Perfect Gidisu, TU-Eindhoven
Predicting customer investment potential value: An application in a Fintech company
Notions of investment potential and unexploited investment potential are crucial for target marketing and Customer Relationship Management (CRM) strategies in AcomeA. Investment potential measures the sustainable investment capacity of a customer in this context. Based on the interplay between investment potential value and actual investment value, managers can devise customer specific strategies. We introduce a model for predicting the investment potential value of a current customer. Furthermore, we discuss and apply different modeling strategies for segmenting customers based on the investment potential value.
Rasool Taban, IST Lisbon
A novel balancing technique for mixed-type variables based on SMOTE
Imbalanced data, as a common characteristic of many real-world applications, got huge attention during the last two decades. Balancing techniques as the famous and easily applicable solutions, thoroughly investigated in the literature. However, most of the balancing techniques are designed to handle the issue when all the variables are continuous. The lack of proper balancing technique to handle the imbalanced data issue in datasets with mixed-type variables still exists, where only a few techniques are available. In this talk, we will present a novel balancing technique for mixed-type variables based on the technique of SMOTE – that utilises the Huang distance to find the nearest neighbours in SMOTE algorithm and redefine the oversampling step to be compatible with the mixed-type characteristic of datasets.
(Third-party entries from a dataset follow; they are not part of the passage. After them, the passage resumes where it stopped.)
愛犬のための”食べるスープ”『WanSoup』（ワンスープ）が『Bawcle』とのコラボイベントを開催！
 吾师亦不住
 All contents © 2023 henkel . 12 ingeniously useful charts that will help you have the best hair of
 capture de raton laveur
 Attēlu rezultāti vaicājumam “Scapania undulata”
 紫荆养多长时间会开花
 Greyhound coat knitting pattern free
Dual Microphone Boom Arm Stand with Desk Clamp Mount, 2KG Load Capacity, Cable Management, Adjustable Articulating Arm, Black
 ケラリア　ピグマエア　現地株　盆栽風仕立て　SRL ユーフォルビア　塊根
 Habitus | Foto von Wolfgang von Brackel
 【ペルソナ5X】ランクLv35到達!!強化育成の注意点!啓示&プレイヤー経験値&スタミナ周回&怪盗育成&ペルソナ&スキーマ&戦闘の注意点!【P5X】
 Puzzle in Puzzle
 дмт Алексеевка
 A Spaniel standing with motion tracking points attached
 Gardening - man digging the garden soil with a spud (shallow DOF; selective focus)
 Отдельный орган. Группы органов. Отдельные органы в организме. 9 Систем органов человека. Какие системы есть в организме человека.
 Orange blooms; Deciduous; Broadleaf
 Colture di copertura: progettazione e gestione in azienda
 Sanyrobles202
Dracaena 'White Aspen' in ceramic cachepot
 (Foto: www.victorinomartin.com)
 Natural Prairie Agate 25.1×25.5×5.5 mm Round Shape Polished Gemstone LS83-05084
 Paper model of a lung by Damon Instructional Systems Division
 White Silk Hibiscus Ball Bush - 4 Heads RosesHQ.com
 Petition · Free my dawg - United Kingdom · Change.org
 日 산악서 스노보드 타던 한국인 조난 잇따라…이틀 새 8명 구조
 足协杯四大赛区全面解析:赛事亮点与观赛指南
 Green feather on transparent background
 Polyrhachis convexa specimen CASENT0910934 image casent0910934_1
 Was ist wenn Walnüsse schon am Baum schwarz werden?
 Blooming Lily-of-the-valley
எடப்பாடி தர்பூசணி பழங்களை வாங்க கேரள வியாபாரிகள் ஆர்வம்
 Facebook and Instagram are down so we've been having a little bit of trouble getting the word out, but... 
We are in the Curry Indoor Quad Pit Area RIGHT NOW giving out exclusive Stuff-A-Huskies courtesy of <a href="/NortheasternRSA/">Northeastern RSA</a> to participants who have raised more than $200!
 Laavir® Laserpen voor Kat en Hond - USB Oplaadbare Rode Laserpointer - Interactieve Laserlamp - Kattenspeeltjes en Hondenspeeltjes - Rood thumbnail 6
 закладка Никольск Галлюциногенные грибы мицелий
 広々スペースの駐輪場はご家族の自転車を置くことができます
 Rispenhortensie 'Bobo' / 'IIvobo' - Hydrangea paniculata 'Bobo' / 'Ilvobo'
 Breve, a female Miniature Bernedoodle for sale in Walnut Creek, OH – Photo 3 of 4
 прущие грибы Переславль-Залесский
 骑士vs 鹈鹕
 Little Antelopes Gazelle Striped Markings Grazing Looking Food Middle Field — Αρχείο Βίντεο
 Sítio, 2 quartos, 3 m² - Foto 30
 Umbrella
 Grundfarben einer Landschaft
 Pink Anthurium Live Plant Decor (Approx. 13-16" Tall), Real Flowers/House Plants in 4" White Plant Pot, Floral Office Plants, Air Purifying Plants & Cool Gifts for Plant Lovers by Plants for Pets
Jose Mario Martinez, University of Campinas, Brazil
Block Coordinate Descent for smooth nonconvex constrained minimization
(joint work with E. G. Birgin)
Greta Malaspina, University of Novi Sad
A Modified Levenberg-Marquardt Method for Large Scale Network Adjustment
We present a numerical optimization approach for the solution of large scale sparse least square problems that arise in Network Adjustment and Localization Problems. In particular we focus on an adjustment problem that comes from the digitalization of Cadastral maps. We consider a modification of Levenberg-Marquardt method that deals with the large number of variables and observations by approximating the linear system that needs to be solved at each iteration of LM method with a modified block-diagonal one, defined taking into account the underlying structure of the problem. We present the convergence analysis of the method for both the global and the local case, and we compare the necessary assumptions and the convergence behaviour with those of classical LM. Moreover, we present a set of numerical results that show the effectiveness of the proposed method for large problems.
Giulia Ferrandi, TU-Eindhoven
A harmonic framework for stepsize selection in gradient methods. An application to clustering problems
We study the use of the harmonic Rayleigh quotients with target for the stepsize selection in gradient methods for nonlinear optimization problems. We show that this stepsize provides a framework to reinterpret existing stepsizes and select new ones. In particular, we analyze the adaptive Barzilai–Borwein stepsize (Zhou et al., 2006) and propose a target-based version of it. While existing stepsizes usually correspond to negative values for the target, we also consider positive targets. We extend the classical convergence analysis for quadratic problems (Dai and Liao, 2002) to these new stepsizes. Finally we compare different choices of target on two clustering problems: the convex k-means (Lindsten et al., 2011) and the multinomial mixture model for graph clustering (Newman and Leicht, 2007).